As in our case the principal differential diagnosis of papillary fibroelastoma was a vegetation, which made the therapeutic management challenging. It is known that vegetations are usually located in cardiac valves, and they are usually associated with valvular destruction.5 Also, there is a usual association between clinical signs of endocarditis and valvular destruction. Thus, the echocardiography may show a mass that changes in appearance over time and may reveal signs of valvular regurgitation.11 We should note that the fever identified in our patient during the preoperative period remained without any explanation, regardless of the tests that were done, however the association between the endocarditis and the papillary fibroelastoma was not totally excluded.
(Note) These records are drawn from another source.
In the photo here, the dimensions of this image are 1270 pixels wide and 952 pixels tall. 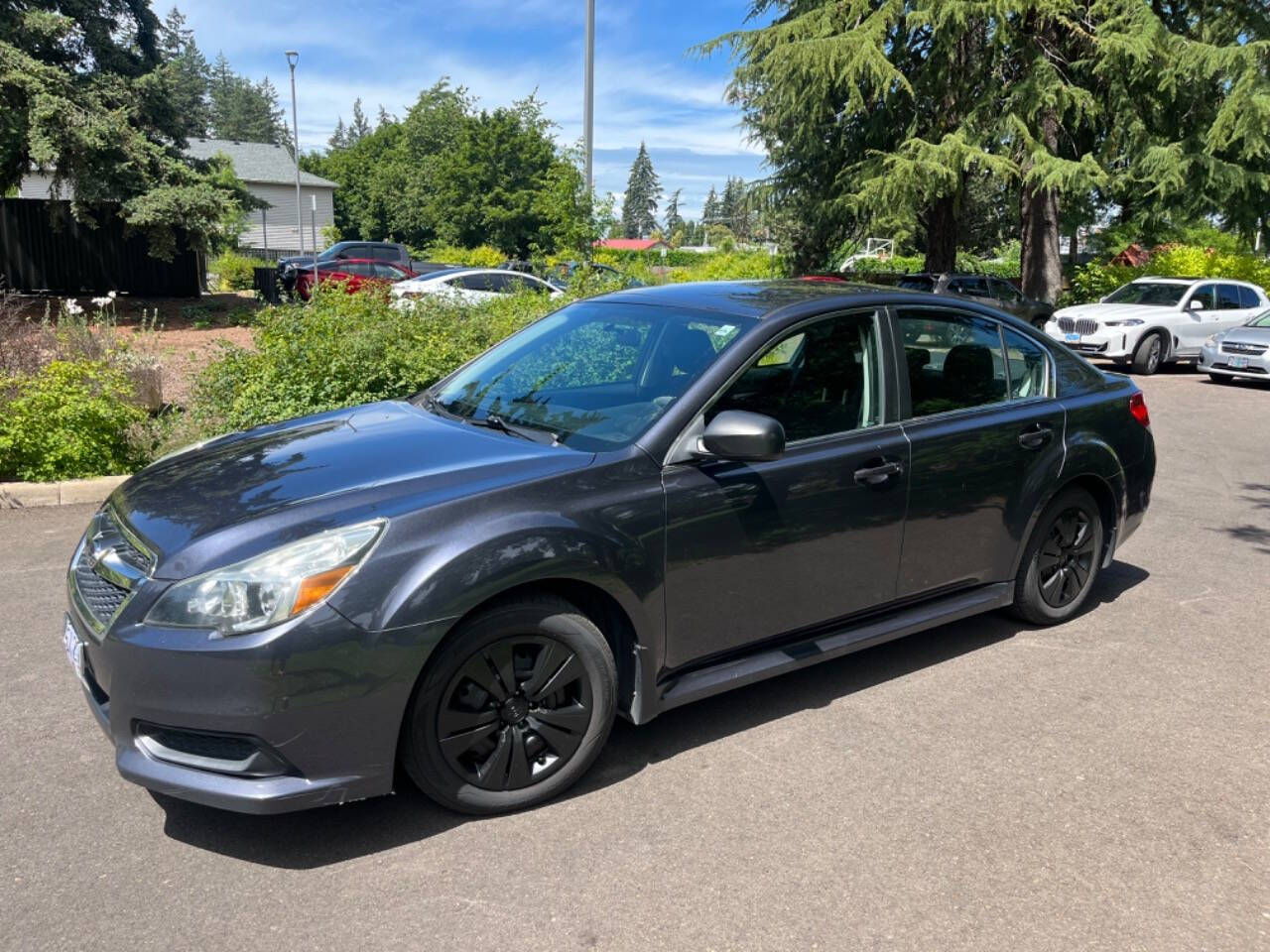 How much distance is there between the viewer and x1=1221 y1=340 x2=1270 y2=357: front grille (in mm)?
16031

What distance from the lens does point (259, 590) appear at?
2980mm

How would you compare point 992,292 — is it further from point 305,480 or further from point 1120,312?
point 305,480

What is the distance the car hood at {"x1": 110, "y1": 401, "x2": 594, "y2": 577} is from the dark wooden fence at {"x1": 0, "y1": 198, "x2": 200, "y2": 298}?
2022cm

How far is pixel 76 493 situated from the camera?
7.16 metres

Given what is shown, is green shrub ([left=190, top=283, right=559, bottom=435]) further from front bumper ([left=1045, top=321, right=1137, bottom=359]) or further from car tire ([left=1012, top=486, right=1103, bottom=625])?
front bumper ([left=1045, top=321, right=1137, bottom=359])

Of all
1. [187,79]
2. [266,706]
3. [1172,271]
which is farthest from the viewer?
[187,79]

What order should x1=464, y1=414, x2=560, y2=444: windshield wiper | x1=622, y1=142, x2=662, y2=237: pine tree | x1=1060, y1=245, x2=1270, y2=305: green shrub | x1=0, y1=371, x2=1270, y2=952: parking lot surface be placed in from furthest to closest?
1. x1=622, y1=142, x2=662, y2=237: pine tree
2. x1=1060, y1=245, x2=1270, y2=305: green shrub
3. x1=464, y1=414, x2=560, y2=444: windshield wiper
4. x1=0, y1=371, x2=1270, y2=952: parking lot surface

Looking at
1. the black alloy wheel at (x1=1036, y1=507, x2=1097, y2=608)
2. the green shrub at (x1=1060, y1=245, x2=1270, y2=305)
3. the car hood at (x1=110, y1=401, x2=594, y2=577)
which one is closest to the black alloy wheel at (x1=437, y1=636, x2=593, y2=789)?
the car hood at (x1=110, y1=401, x2=594, y2=577)

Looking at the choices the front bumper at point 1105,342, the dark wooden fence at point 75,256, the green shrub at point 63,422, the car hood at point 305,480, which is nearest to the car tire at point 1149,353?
the front bumper at point 1105,342

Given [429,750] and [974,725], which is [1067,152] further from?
[429,750]

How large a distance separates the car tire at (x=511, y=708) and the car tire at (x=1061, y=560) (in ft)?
8.19

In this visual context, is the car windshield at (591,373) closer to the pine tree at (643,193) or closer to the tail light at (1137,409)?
the tail light at (1137,409)

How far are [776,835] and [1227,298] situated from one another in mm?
19291

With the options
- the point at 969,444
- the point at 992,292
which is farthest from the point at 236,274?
the point at 969,444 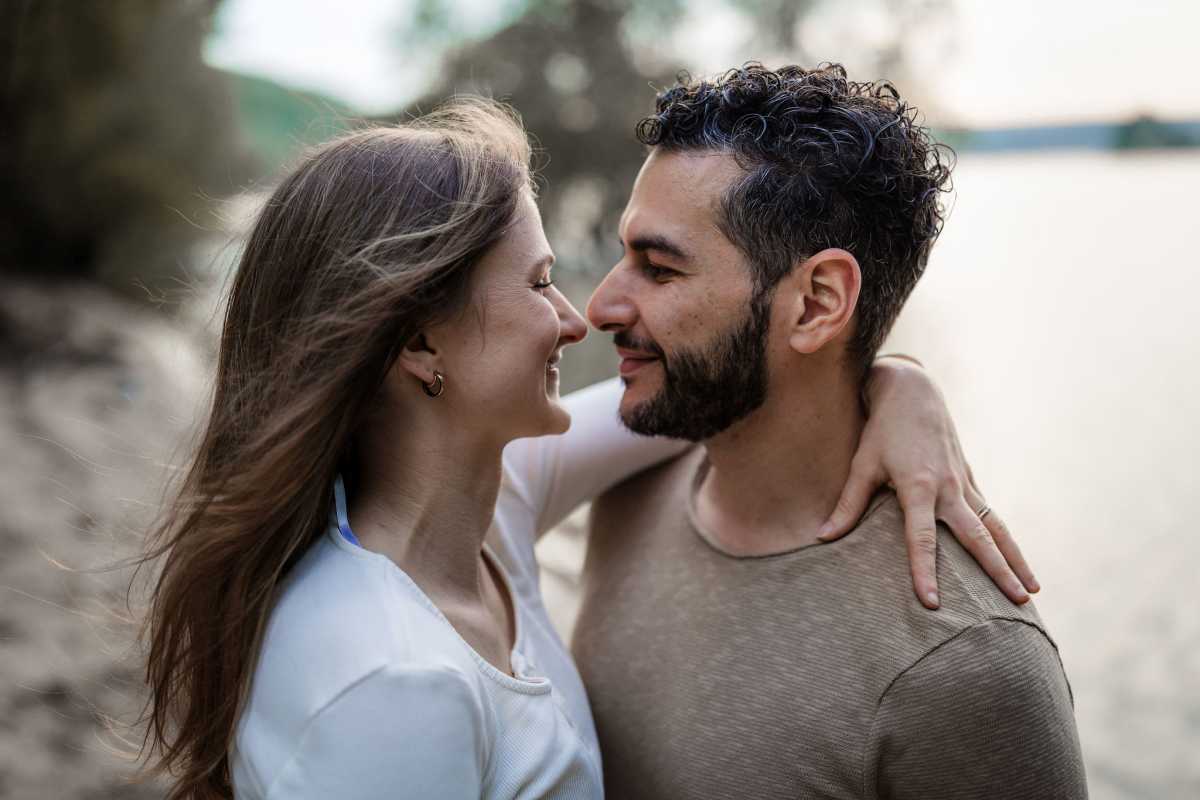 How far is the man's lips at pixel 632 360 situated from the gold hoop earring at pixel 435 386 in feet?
1.64

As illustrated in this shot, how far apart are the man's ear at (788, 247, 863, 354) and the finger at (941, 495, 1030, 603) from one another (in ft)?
1.32

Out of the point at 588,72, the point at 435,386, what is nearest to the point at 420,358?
the point at 435,386

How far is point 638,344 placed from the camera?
2.04 meters

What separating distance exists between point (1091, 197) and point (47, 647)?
9.92 meters

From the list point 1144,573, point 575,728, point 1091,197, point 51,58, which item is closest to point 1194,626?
point 1144,573

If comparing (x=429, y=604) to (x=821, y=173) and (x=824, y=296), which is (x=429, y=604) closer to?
(x=824, y=296)

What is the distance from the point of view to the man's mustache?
79.8 inches

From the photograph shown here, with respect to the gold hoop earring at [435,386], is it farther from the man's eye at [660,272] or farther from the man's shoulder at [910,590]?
the man's shoulder at [910,590]

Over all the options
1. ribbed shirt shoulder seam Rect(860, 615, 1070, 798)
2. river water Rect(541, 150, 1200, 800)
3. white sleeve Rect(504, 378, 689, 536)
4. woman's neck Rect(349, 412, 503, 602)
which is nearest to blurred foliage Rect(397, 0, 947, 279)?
river water Rect(541, 150, 1200, 800)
Surgical excision is the sole curative treatment of papillary fibroelastoma,12 which was performed for the first time by Lichtenstein in 1979.13 During the procedure all cardiac chambers and valves must be inspected to eliminate other localizations of the tumor, and sometimes to look for the association of a papillary fibroelastoma with vegetations. Furthermore, valvular regurgitation can be caused either by the tumor itself or by the surgeon after the excision. In this matter, the surgical procedure must be completed either by valvular repair, every time the valve is repairable, otherwise valvular replacement can be done.14

For symptomatic patients, surgery is highly recommended, whereas for asymptomatic patients, surgery should be done only if the papillary fibroelastoma is mobile. If not, a clinical and an echocardiographic follow-up for the patient is mandatory until the symptoms develop or the tumor becomes mobile. However, none of these recommendations are based on a randomized controlled study.2,14


Papillary fibroelastoma of cardiac valves can mimic vegetation making it difficult to differentiate the two. Surgical removal of the mass is the only curative treatment. It reduces the risk of tumoral complications and confirms the etiological diagnosis.

Ethics approval

IRB and clinical trial registration approval are not required for case reports.

Constant of the use of medical data is obtained verbally and in written form from the patient.


The authors report no involvement in the research by the sponsor that could have influenced the outcome of this work.

Conflicts of interest

The authors certify that there is no conflict of interest with any financial organization regarding the material discussed in the manuscript.